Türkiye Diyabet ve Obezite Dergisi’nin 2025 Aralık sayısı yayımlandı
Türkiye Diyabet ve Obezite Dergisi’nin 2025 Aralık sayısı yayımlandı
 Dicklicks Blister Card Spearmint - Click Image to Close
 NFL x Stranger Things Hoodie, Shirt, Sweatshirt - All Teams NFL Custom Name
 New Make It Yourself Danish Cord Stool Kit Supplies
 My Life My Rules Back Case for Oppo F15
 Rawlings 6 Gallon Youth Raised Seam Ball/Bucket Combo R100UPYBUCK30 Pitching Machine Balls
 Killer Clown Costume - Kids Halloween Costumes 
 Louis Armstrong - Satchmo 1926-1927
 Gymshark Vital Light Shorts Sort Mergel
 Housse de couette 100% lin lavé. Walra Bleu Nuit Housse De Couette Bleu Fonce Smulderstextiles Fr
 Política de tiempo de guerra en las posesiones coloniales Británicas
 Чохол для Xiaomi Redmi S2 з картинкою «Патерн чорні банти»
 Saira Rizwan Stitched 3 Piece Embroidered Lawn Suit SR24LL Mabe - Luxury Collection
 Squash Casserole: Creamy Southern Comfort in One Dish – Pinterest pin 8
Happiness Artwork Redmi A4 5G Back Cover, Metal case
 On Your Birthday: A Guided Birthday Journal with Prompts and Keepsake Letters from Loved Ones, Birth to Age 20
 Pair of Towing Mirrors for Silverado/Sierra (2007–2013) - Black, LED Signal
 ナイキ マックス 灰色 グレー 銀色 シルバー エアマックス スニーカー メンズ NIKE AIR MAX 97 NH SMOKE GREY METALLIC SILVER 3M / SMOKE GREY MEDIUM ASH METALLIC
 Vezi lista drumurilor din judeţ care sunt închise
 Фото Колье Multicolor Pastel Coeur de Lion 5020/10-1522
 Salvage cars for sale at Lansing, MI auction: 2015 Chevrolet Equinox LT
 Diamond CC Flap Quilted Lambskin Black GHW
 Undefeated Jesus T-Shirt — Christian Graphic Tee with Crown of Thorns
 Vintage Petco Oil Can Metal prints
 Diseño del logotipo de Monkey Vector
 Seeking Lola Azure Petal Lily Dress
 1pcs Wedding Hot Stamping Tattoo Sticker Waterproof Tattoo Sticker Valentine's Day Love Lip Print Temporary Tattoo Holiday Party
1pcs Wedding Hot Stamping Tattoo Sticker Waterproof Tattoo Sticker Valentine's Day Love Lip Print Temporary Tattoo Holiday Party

» **ACTION ITEM**
Nothing but the lines from the one with "Salvage cars for" through the final line of the data above should be output, exactly as written.

» **EXERCISE OUTPUT**
 Salvage cars for sale at Lansing, MI auction: 2015 Chevrolet Equinox LT
 Diamond CC Flap Quilted Lambskin Black GHW
 Undefeated Jesus T-Shirt — Christian Graphic Tee with Crown of Thorns
 Vintage Petco Oil Can Metal prints
 Diseño del logotipo de Monkey Vector
 Seeking Lola Azure Petal Lily Dress
 1pcs Wedding Hot Stamping Tattoo Sticker Waterproof Tattoo Sticker Valentine's Day Love Lip Print Temporary Tattoo Holiday Party
1pcs Wedding Hot Stamping Tattoo Sticker Waterproof Tattoo Sticker Valentine's Day Love Lip Print Temporary Tattoo Holiday Party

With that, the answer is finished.